Minn. Stat. § 268.101, subd. 2(e) (2006), provides that a “determination of disqualification . . . shall be final unless an appeal is filed by the applicant . . . within 30 calendar days after sending.” When allowed, appeals may be filed by fax or electronic transmission, and may be restricted to specific telephone numbers or electronic addresses. Minn. Stat. § 268.103, subd. 1 (2006). An appeal made by fax is considered “filed” on the day it is received. Minn. Stat. § 268.035, subd. 17 (2006). These statutory time limitations are strictly construed: “[t]here are no statutory provisions for extensions or exceptions to the appeal period,” and “[w]hen an appeal from a disqualification determination is untimely, it must be dismissed for lack of jurisdiction.” Kennedy, 714 N.W.2d at 740.
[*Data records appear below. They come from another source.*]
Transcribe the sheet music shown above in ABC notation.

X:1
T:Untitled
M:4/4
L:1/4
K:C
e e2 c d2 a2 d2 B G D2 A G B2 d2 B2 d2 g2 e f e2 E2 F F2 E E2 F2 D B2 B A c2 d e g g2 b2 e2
Here, the 30-day time limit was clearly set forth in the determination of disqualification notice that was mailed to relator on March 2, 2006. The notice also specified that any appeal filed by fax must be sent to the appeals office at the number set out in the notice. Relator claims that she faxed an appeal, but acknowledges that “per my own error, I faxed it to the unemployment office” rather than to the appeals office. Relator does not indicate the date of this fax or the number to which it was sent.
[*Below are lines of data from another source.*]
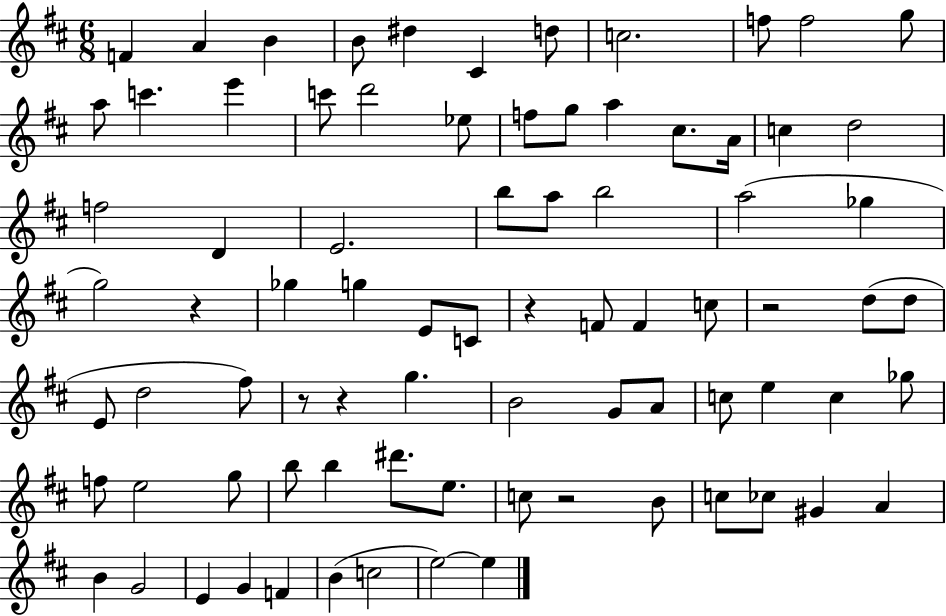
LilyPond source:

{
  \clef treble
  \numericTimeSignature
  \time 6/8
  \key d \major
  f'4 a'4 b'4 | b'8 dis''4 cis'4 d''8 | c''2. | f''8 f''2 g''8 | \break a''8 c'''4. e'''4 | c'''8 d'''2 ees''8 | f''8 g''8 a''4 cis''8. a'16 | c''4 d''2 | \break f''2 d'4 | e'2. | b''8 a''8 b''2 | a''2( ges''4 | \break g''2) r4 | ges''4 g''4 e'8 c'8 | r4 f'8 f'4 c''8 | r2 d''8( d''8 | \break e'8 d''2 fis''8) | r8 r4 g''4. | b'2 g'8 a'8 | c''8 e''4 c''4 ges''8 | \break f''8 e''2 g''8 | b''8 b''4 dis'''8. e''8. | c''8 r2 b'8 | c''8 ces''8 gis'4 a'4 | \break b'4 g'2 | e'4 g'4 f'4 | b'4( c''2 | e''2~~) e''4 | \break \bar "|."
}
On April 10, 2006, several days beyond the 30-day appeal period, relator faxed another appeal letter to the appeals office at the proper fax number. The appeal letter was received by the office on that date. On April 19, 2006, the ULJ summarily dismissed the appeal as untimely because not received by fax in the appeal office within the 30-day time period.
Minnesota appellate courts have consistently held that
time limits for appeals from all levels of decisions of the department are
strictly construed, “regardless of mitigating circumstances.” King v.